= EXERCISE REQUIREMENTS =
Take the line with "The Deporter Funny" and every line after it, through the end of the listing, and give them again exactly, pictures excluded.

= MATERIAL TO PROCESS =
Content starts
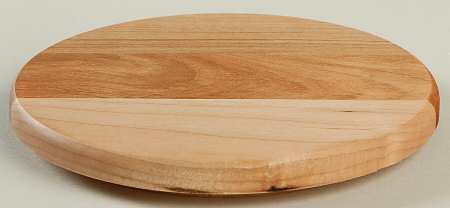 Woven Traditions Ivory Wood Lid for Kitchen Crock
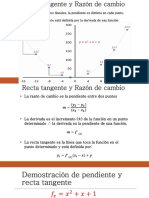 Razon de Cambio y Recta Tangente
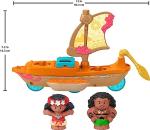 Fisher-Price Little People Toddler Toy Disney Princess Moana & Maui’s Canoe Sail Boat with Figures for Pretend Play Ages 18+ Months​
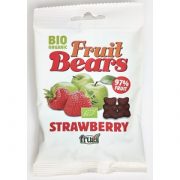 House of Denmark, želejas lācīši ar ābolu un zemeņu garšu, BIO, 50g baltā paciņā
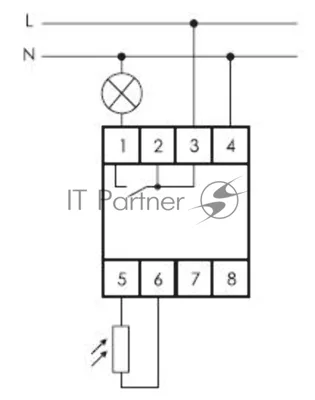 Фотореле AZ-B (выносной герметичный фотодатчик IP65 монтаж на DIN-рейке 2 модуля 230В 16А 1НО IP20)(аналог ФР-7Е) F&F EA01.001.009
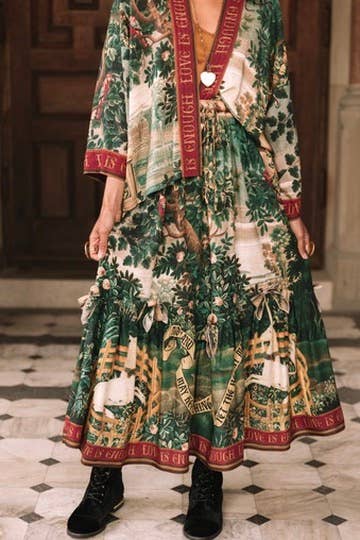 Atelier Skirt - Wildheart with Pockets Tassels & Unicorn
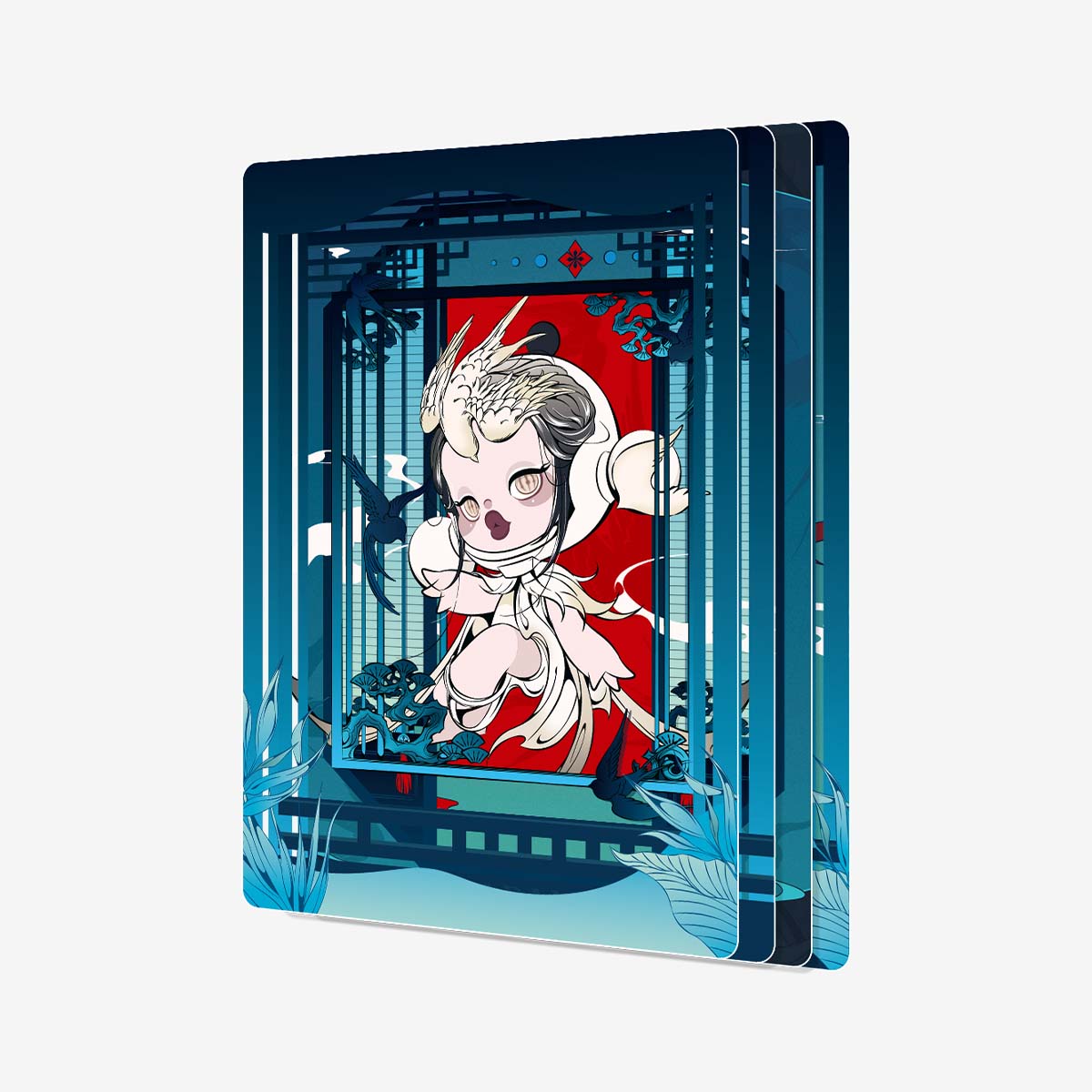 POP MART SKULLPANDA The Mirage Series Figures Art Collection Cards [1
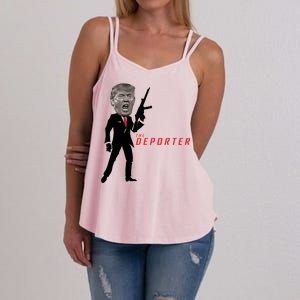 The Deporter Funny Donald Trump Women's Strappy Tank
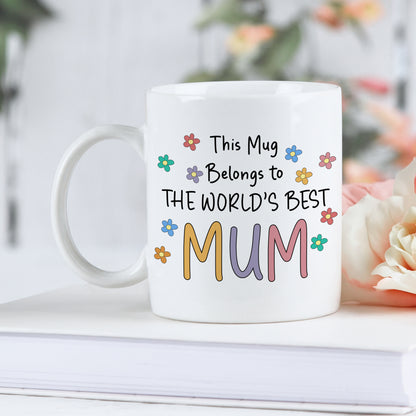 PERSONALISED WORLD'S BEST MUM MUG AND COASTER MG070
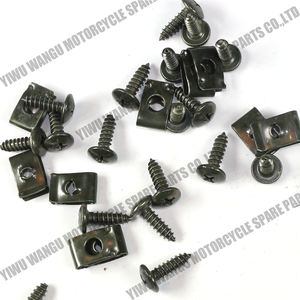 5 pièces/lot de couvercle en plastique pour moto, voiture, Scooter, quad, bicyclette, housse en plastique, vis et Clips auto-adaptés M4 M5 4.2mm 4.8mm - Product Image 5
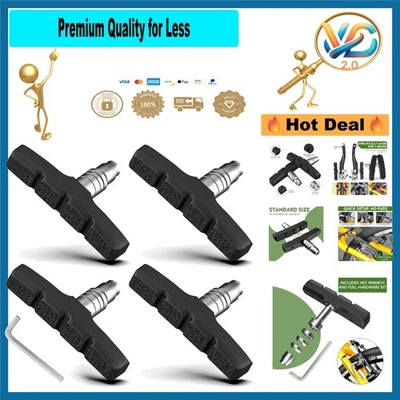 Juego de pastillas de freno de bicicleta 70 mm V con llave para montaña, carretera, BMX Foto 1 de 4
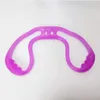 Fasce di resistenza allo yoga con foro Flessibile in silicone per allenamento della forza Fascia elastica Fitness Pull Rope Sport Famiglia 4 8tc E19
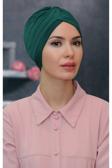 Hürrem Bone Zümrüt Pratik Hazır Geçmeli Tesettür Bone Sandy Kumaş Taçlı Büzgülü 1208_37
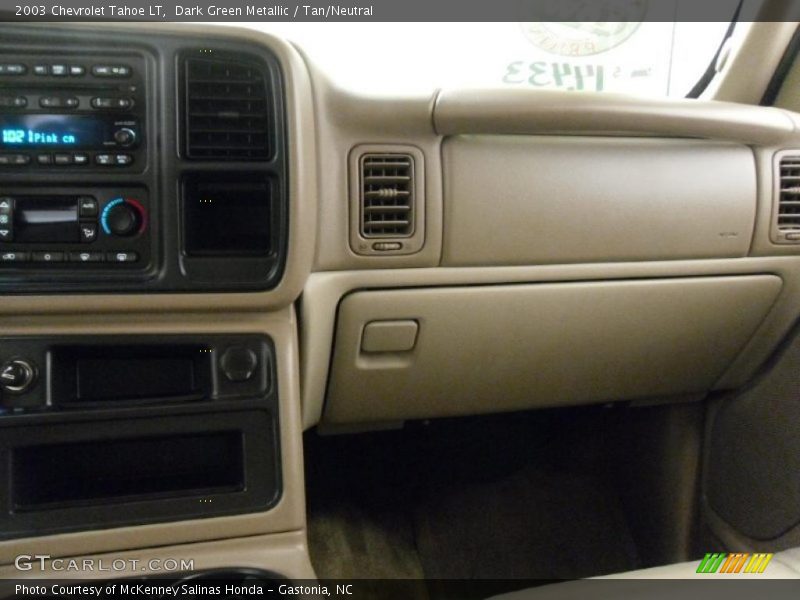 Dark Green Metallic / Tan/Neutral 2003 Chevrolet Tahoe LT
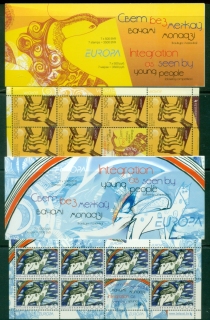 Belarus-2006-EUROPA-Stamps-Integration-through-the-Eyes-of-Young-People-2xbooklets-MUH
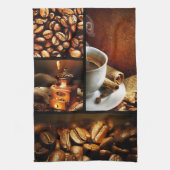 Koffie Collage 2 Theedoek (Verticaal)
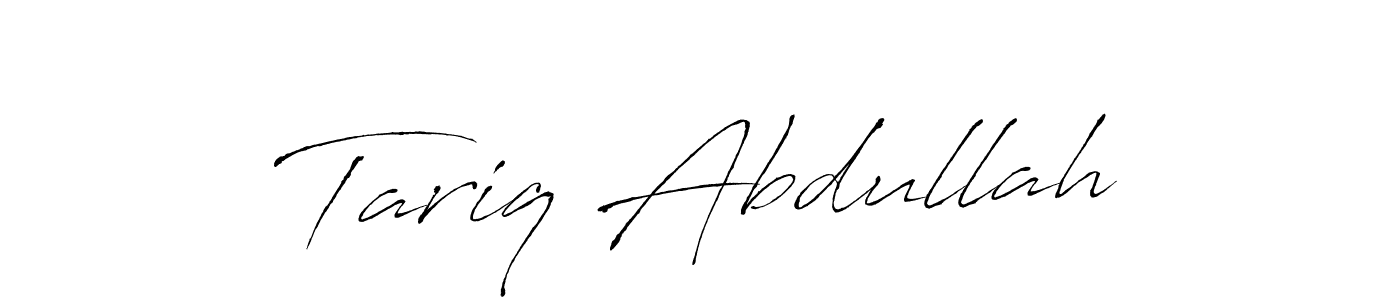 Create a beautiful signature design for name Tariq Abdullah. With this signature (Antro_Vectra) fonts, you can make a handwritten signature for free. Tariq Abdullah signature style 6 images and pictures png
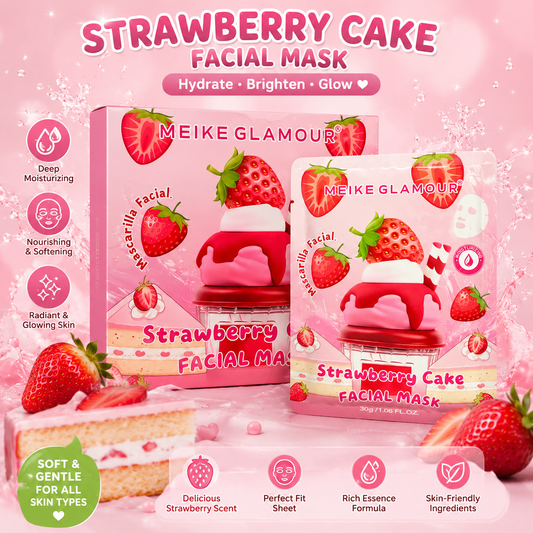 50PC STRAWBERRY CAKE FACE MASK SHEETS MK542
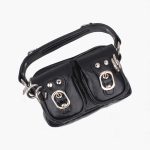 Multi-Pocket Handle Bag _ Black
Content ends
= ANSWER SECTION =
 The Deporter Funny Donald Trump Women's Strappy Tank
 PERSONALISED WORLD'S BEST MUM MUG AND COASTER MG070
 5 pièces/lot de couvercle en plastique pour moto, voiture, Scooter, quad, bicyclette, housse en plastique, vis et Clips auto-adaptés M4 M5 4.2mm 4.8mm - Product Image 5
 Juego de pastillas de freno de bicicleta 70 mm V con llave para montaña, carretera, BMX Foto 1 de 4
 Fasce di resistenza allo yoga con foro Flessibile in silicone per allenamento della forza Fascia elastica Fitness Pull Rope Sport Famiglia 4 8tc E19
 Hürrem Bone Zümrüt Pratik Hazır Geçmeli Tesettür Bone Sandy Kumaş Taçlı Büzgülü 1208_37
 Dark Green Metallic / Tan/Neutral 2003 Chevrolet Tahoe LT
 Belarus-2006-EUROPA-Stamps-Integration-through-the-Eyes-of-Young-People-2xbooklets-MUH
 Koffie Collage 2 Theedoek (Verticaal)
 Create a beautiful signature design for name Tariq Abdullah. With this signature (Antro_Vectra) fonts, you can make a handwritten signature for free. Tariq Abdullah signature style 6 images and pictures png
 50PC STRAWBERRY CAKE FACE MASK SHEETS MK542
 Multi-Pocket Handle Bag _ Black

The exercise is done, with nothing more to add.